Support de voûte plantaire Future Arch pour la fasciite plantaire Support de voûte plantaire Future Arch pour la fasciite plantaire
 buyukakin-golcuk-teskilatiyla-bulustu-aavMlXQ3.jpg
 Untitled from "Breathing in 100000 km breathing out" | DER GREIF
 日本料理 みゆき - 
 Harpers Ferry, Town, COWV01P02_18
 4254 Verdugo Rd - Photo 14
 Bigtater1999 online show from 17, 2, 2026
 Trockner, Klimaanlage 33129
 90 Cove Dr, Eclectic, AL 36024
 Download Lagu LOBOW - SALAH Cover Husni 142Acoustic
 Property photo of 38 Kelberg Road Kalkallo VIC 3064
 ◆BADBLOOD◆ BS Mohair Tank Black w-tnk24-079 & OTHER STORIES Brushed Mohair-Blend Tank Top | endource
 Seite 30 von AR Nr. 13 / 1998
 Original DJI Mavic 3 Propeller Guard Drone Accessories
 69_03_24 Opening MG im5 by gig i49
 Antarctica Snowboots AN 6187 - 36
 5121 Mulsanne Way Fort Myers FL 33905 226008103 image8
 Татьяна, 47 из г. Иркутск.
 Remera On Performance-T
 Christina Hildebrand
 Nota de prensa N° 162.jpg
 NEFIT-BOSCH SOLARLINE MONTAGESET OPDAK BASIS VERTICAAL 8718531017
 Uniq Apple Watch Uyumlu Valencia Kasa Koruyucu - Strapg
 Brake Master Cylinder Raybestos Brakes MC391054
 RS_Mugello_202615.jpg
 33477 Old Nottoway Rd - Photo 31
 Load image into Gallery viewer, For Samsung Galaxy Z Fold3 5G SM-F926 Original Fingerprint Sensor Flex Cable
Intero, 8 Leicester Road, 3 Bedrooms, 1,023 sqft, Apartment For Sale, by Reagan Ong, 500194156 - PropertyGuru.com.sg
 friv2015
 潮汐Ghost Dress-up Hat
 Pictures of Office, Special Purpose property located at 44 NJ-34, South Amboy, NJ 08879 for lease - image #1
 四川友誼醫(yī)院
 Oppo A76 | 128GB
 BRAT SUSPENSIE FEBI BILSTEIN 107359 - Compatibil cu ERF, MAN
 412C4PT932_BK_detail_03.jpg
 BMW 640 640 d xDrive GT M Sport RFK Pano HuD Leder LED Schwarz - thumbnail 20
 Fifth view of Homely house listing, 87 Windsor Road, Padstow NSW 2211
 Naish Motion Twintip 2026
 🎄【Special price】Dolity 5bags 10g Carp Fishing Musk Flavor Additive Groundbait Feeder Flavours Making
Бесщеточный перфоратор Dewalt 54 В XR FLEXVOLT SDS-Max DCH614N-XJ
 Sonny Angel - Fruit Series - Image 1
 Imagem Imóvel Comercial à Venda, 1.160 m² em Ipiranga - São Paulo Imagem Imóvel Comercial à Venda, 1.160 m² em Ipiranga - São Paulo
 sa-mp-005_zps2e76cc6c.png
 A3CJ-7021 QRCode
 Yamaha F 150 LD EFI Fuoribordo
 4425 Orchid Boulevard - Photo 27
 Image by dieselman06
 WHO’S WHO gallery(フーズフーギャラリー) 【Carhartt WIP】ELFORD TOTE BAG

* _Exercise_
Print, exactly as written, the first line of the records above and each line after it until the line with "Татьяна, 47 из г. Иркутск.", which is printed too.

* _Answer for this exercise_
Support de voûte plantaire Future Arch pour la fasciite plantaire Support de voûte plantaire Future Arch pour la fasciite plantaire
 buyukakin-golcuk-teskilatiyla-bulustu-aavMlXQ3.jpg
 Untitled from "Breathing in 100000 km breathing out" | DER GREIF
 日本料理 みゆき - 
 Harpers Ferry, Town, COWV01P02_18
 4254 Verdugo Rd - Photo 14
 Bigtater1999 online show from 17, 2, 2026
 Trockner, Klimaanlage 33129
 90 Cove Dr, Eclectic, AL 36024
 Download Lagu LOBOW - SALAH Cover Husni 142Acoustic
 Property photo of 38 Kelberg Road Kalkallo VIC 3064
 ◆BADBLOOD◆ BS Mohair Tank Black w-tnk24-079 & OTHER STORIES Brushed Mohair-Blend Tank Top | endource
 Seite 30 von AR Nr. 13 / 1998
 Original DJI Mavic 3 Propeller Guard Drone Accessories
 69_03_24 Opening MG im5 by gig i49
 Antarctica Snowboots AN 6187 - 36
 5121 Mulsanne Way Fort Myers FL 33905 226008103 image8
 Татьяна, 47 из г. Иркутск.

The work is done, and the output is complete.